Gurian-Sherman explains, “In reality, corn engineered to kill certain insect pests – AKA Bt corn – has mainly resulted in the replacement of one group of chemical insecticides with another.” The new study proves the point with hard data.
The study’s authors warn:
“This pattern of use may have unintended consequences, namely resistance in target pests, outbreaks of nontarget pests, and pollution with detrimental effects cascading to wildlife… some of these effects have already emerged.”
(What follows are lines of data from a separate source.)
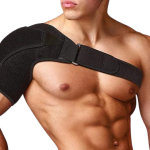 Enhance Comfort and Support with Our Premium Airprene Shoulder Support in Kenya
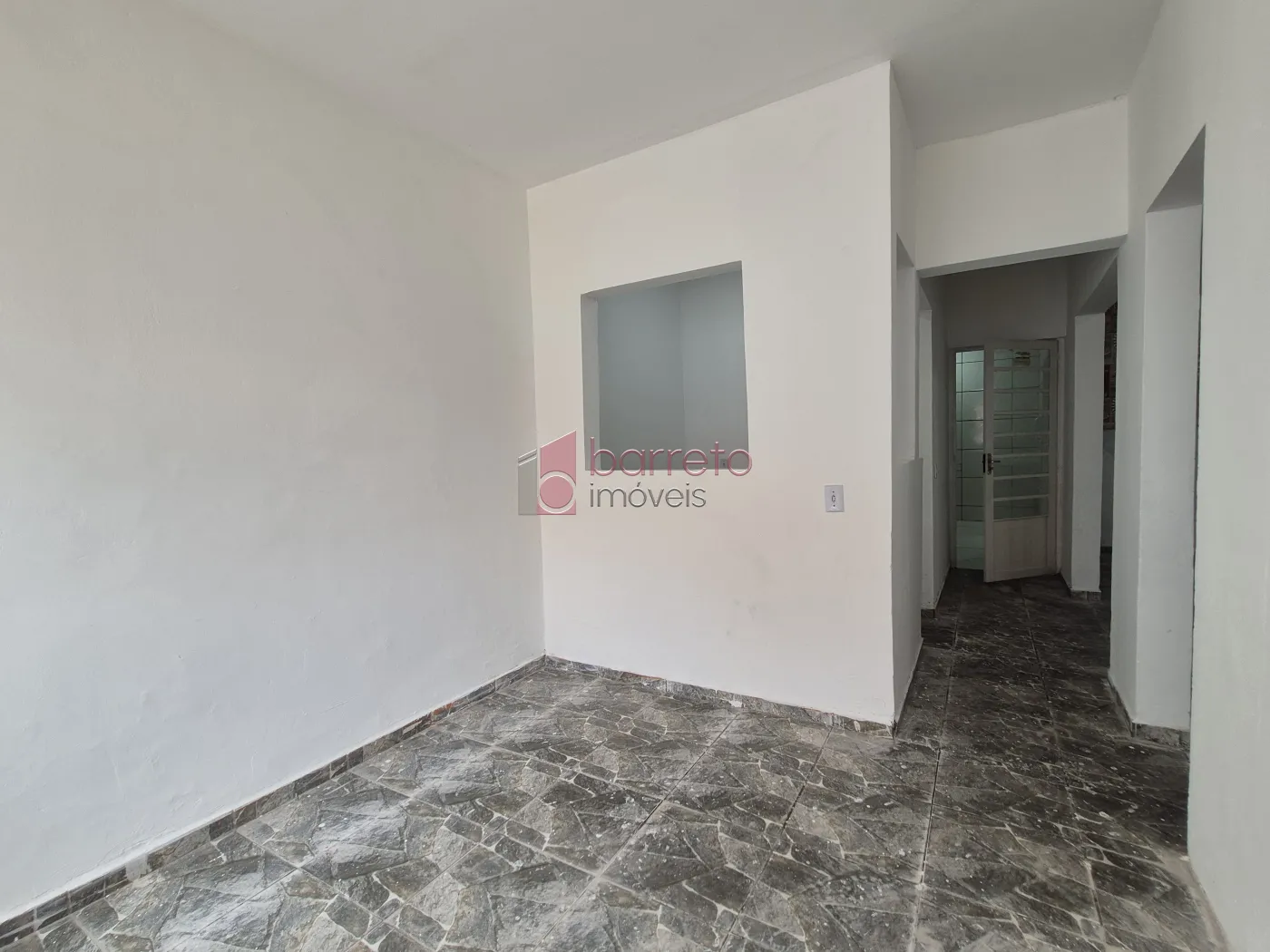 CASA COMERCIAL PARA VENDA NO BAIRRO PARQUE RESIDENCIAL JUNDIAÍ – JUNDIAÍ/SP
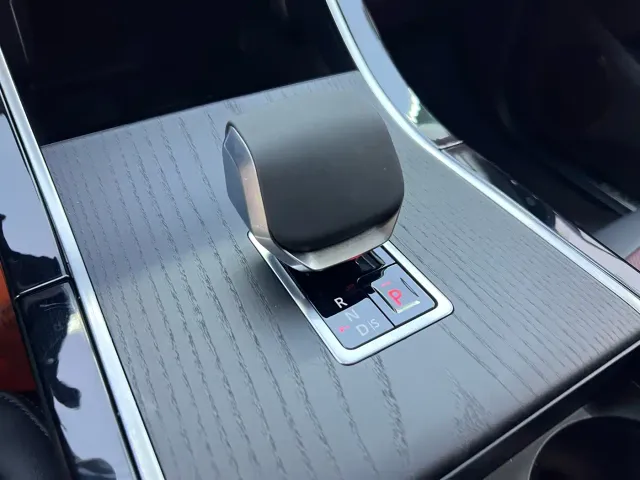Land Rover Range Rover Evoque — Фото автомобиля 16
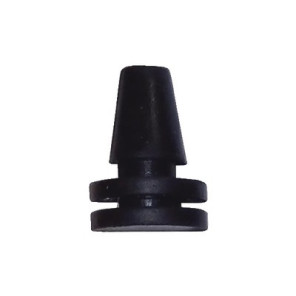 Goma antivibratoria de silicona de 2 pisos- DIFF - 150519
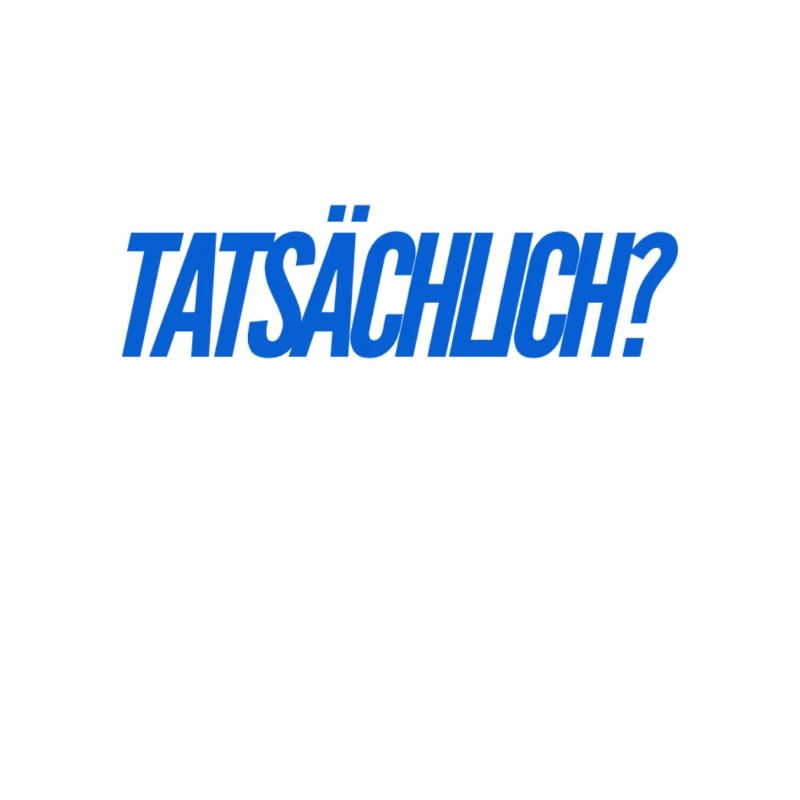 bist du sicher?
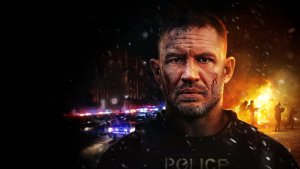 Netflix tip: Havoc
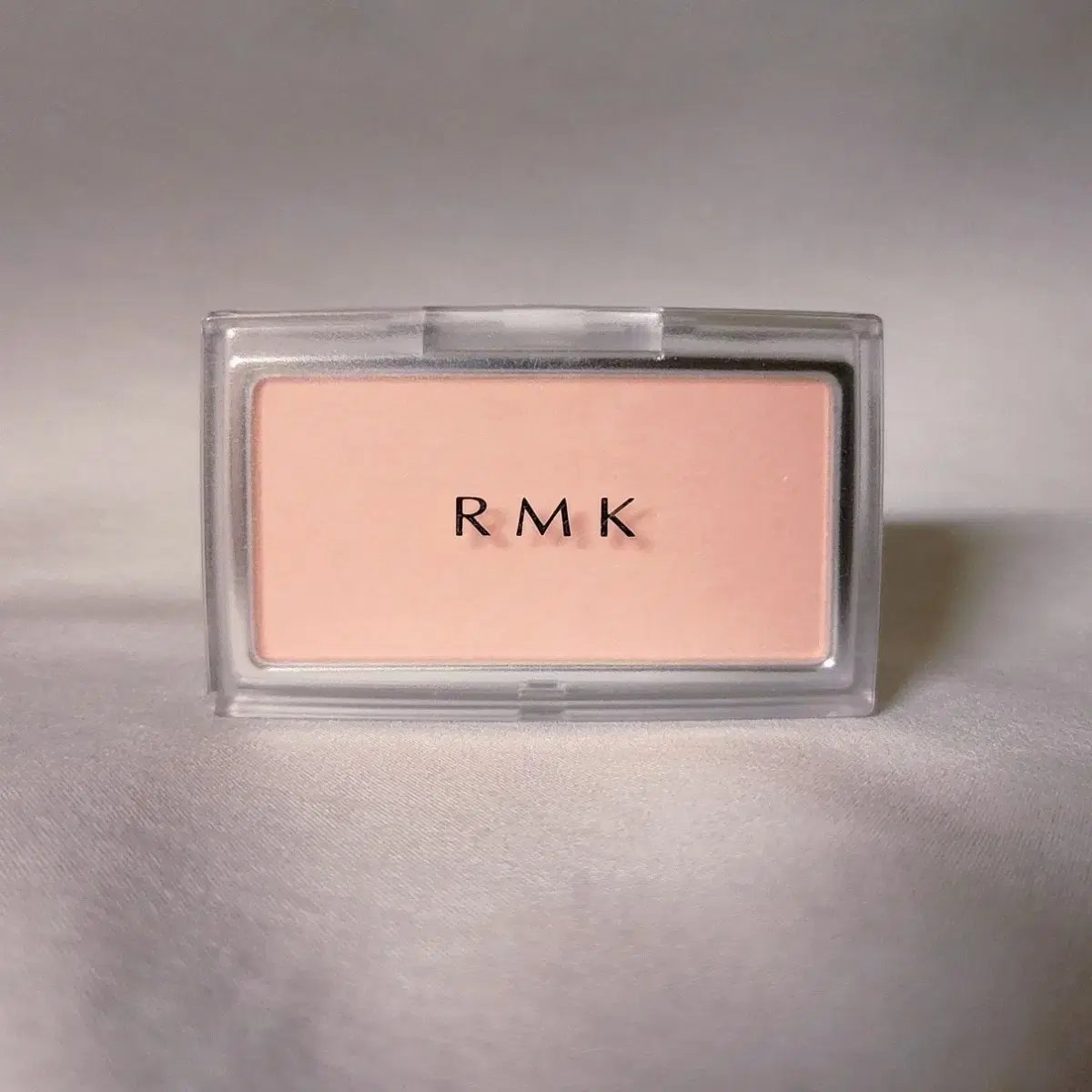 RMK 단종 치크 블러셔 페일핑크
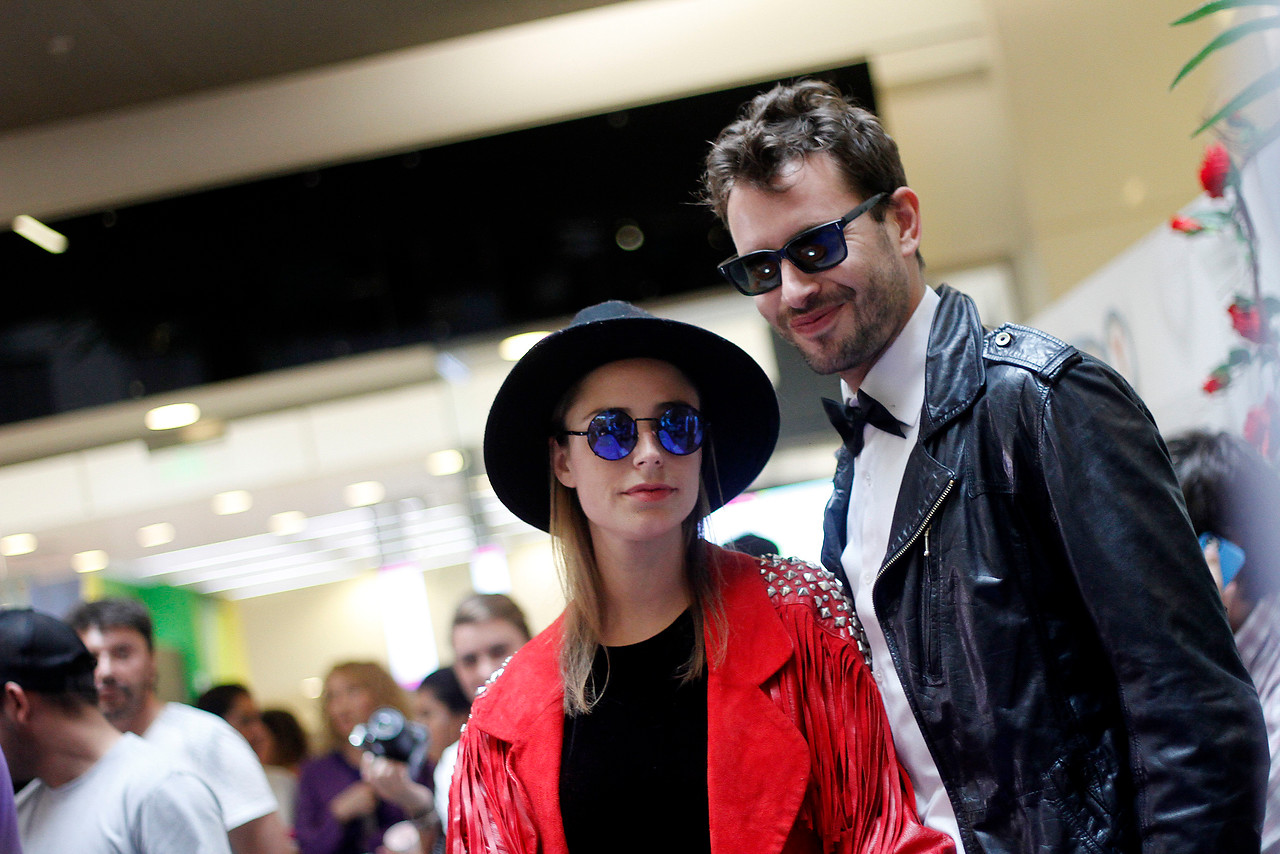 Marcela del Valle confirmó su embarazo con esta tierna fotografía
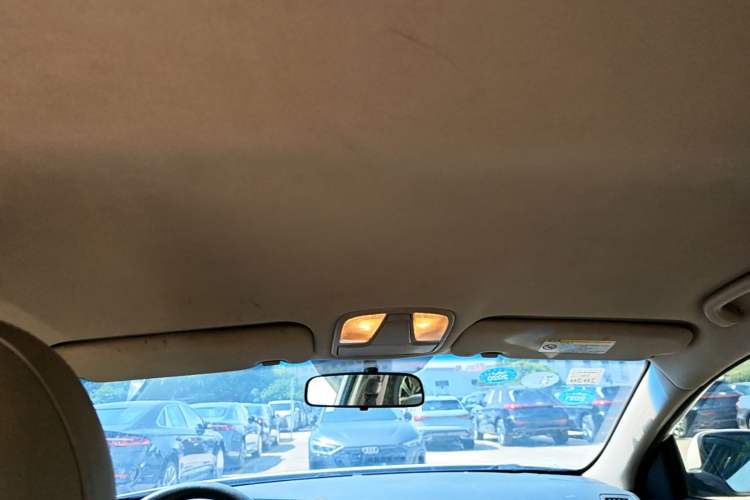 Used Kia K5 2012 2.0L Automatic GL Headliner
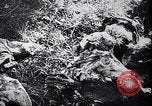 Standbild Atrocity Beweise auf Majdanek Kz Lublin Polen, 1944, aus Sekunde 49 historischem Filmmaterial Videoclip 65675037237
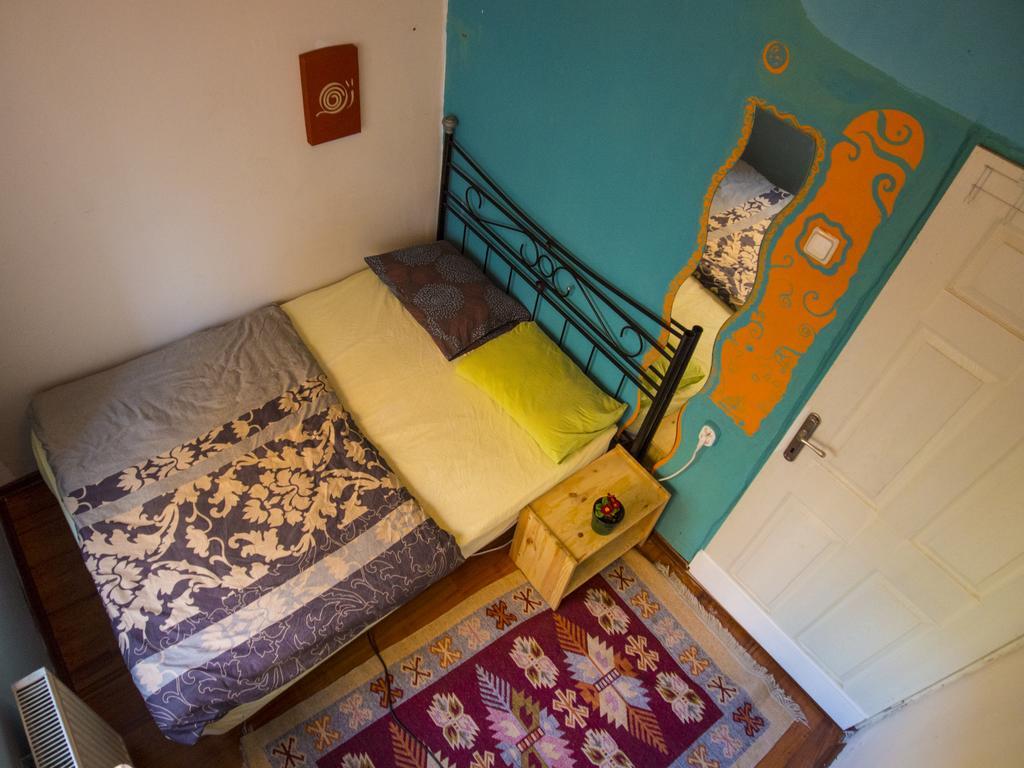 Shantihome Izmir Zimmer foto
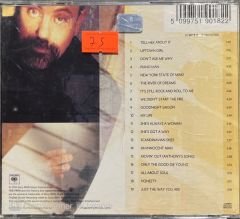 Piano Man The Very Best Of Billy Joel CD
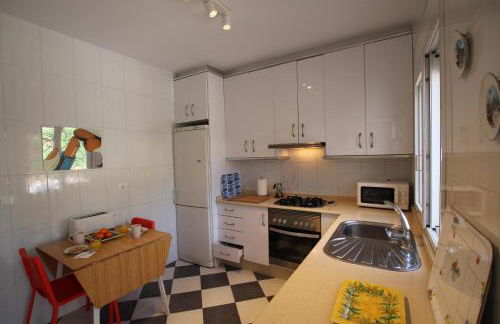 Chalet Mediterráneo Bolnuevo by Rental Olé - Foto 22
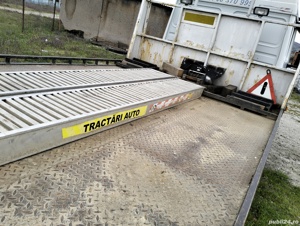 Schimb cu auto, utilaje.  - imagine 4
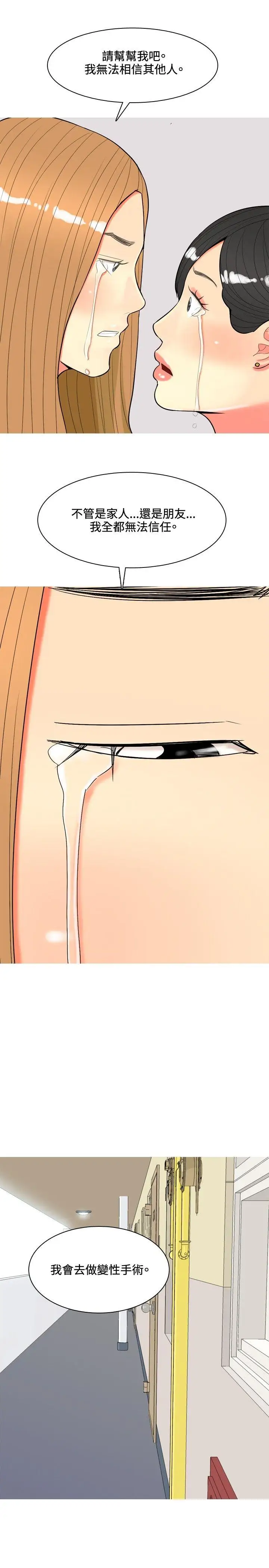 我与妓女结婚了第62话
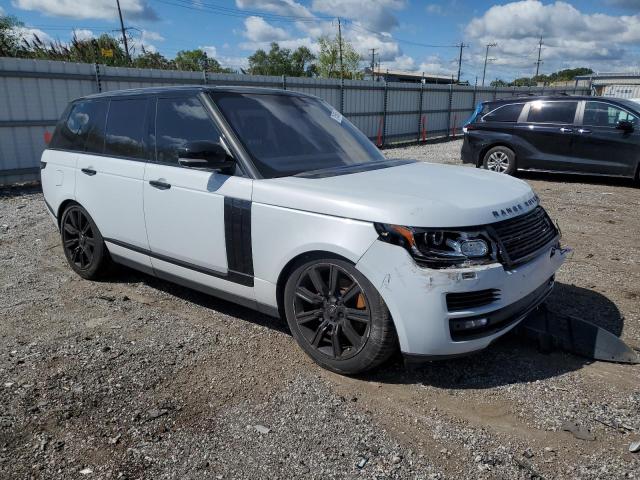 2016 LAND ROVER RANGE ROVE SALGS2KF1GA258952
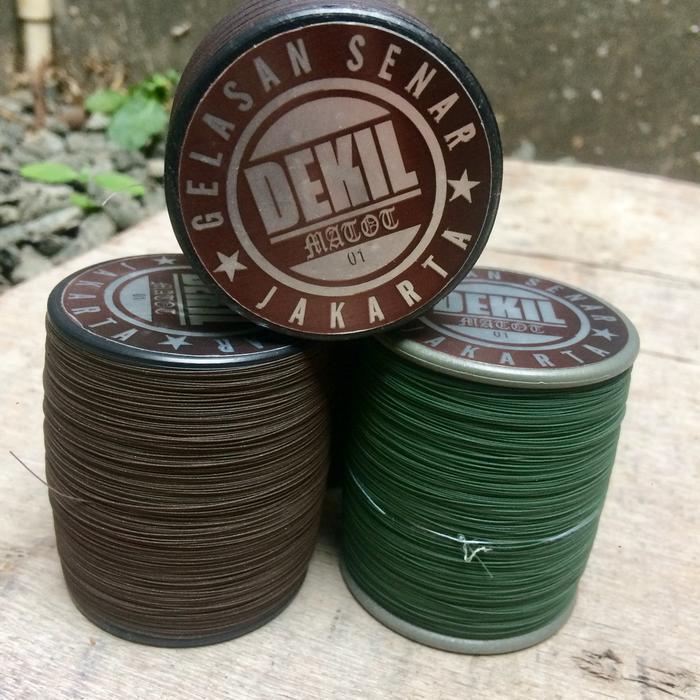 GELASAN DEKIL MATOT JUARA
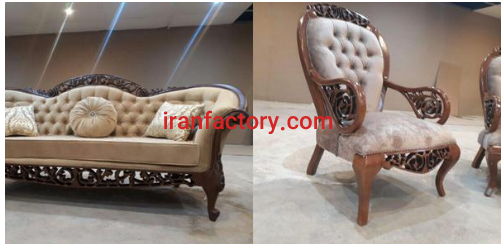 تولید و تعمیرات‌ مبلمان کهنه  در ارومیه0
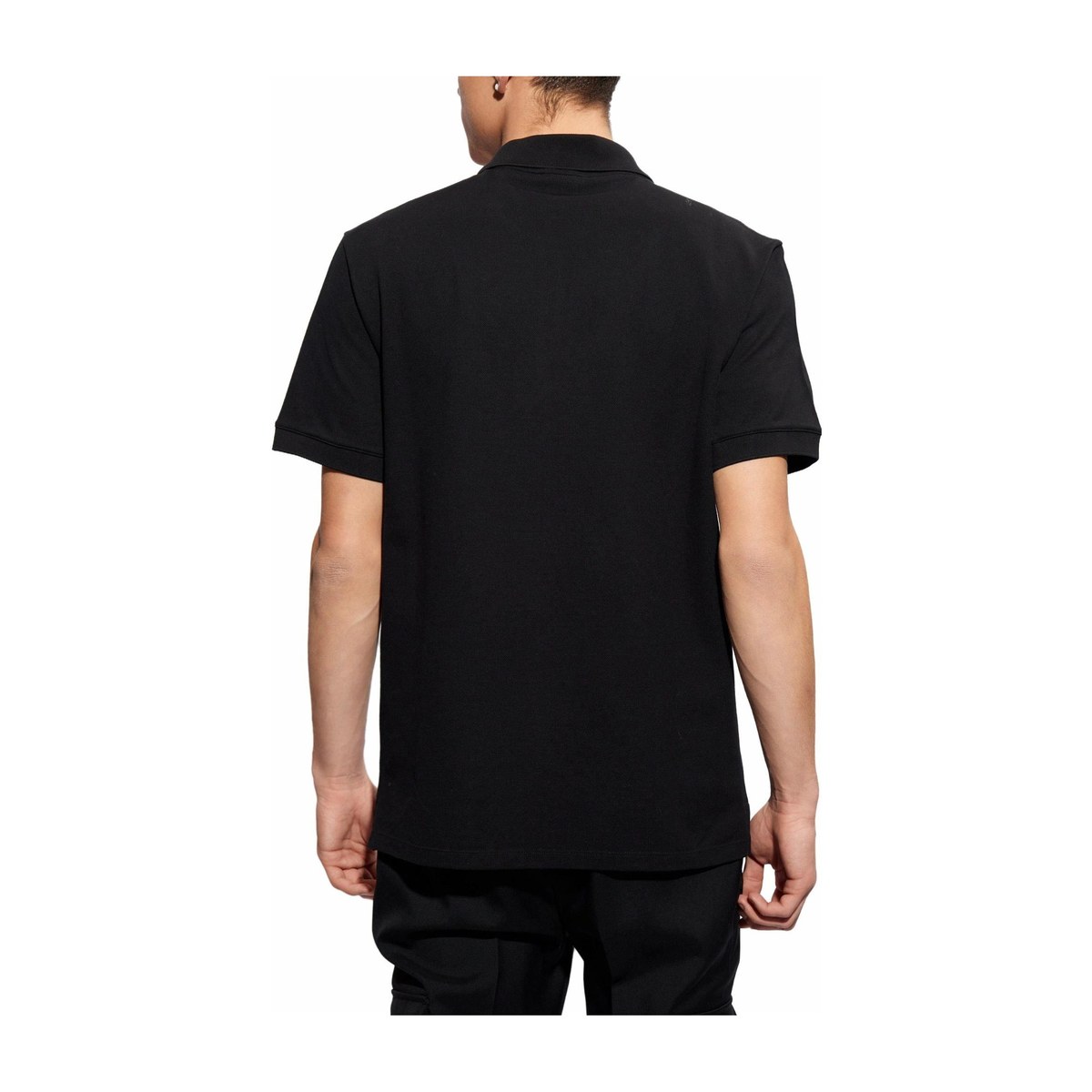Alexander McQueen Polo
It is certainly advice to heed considering that another new study found the neonicotinoid insecticide, clothianidin, has been found in milkweed (the food of the monarch butterfly) at levels harmful to monarch larvae (abstract below).
This means that bees, butterflies, etc are being decimated due to additional ‘stressors’ in the form of GM herbicides, pesticides, and insecticides – it doesn’t matter what you call them, or how they are applied – sprayed on, or genetically insinuated into the plant by altering its DNA – its toxic #%&%*% that shouldn’t be used in our food supply.
A good read for the biotech industry would be Prof Robert Van Den Bosch’s book “The Pesticide Conspiracy,” which explains that pesticide use actively creates pest attacks by wiping out the natural pest predators. A more recent book, Poison Spring, by former US EPA staffer Evaggelos Vallianatos, demolishes the notion that pesticide use is based on any kind of sound science at all.
The abstract says:
“Monarch butterflies (Danaus plexippus) frequently consume milkweed in and near agroecosystems and consequently may be exposed to pesticides like neonicotinoids. We conducted a dose response study to determine lethal and sublethal doses of clothianidin using a 36-h exposure scenario. We then quantified clothianidin levels found in milkweed leaves adjacent to maize fields. Toxicity assays revealed LC10, LC50, and LC90 values of 7.72, 15.63, and 30.70 ppb, respectively. Sublethal effects (larval size) were observed at 1 ppb. Contaminated milkweed plants had an average of 1.14 ±0.10 ppb clothianidin, with a maximum of 4 ppb in a single plant. This research suggests that clothianidin could function as a stressor to monarch populations.”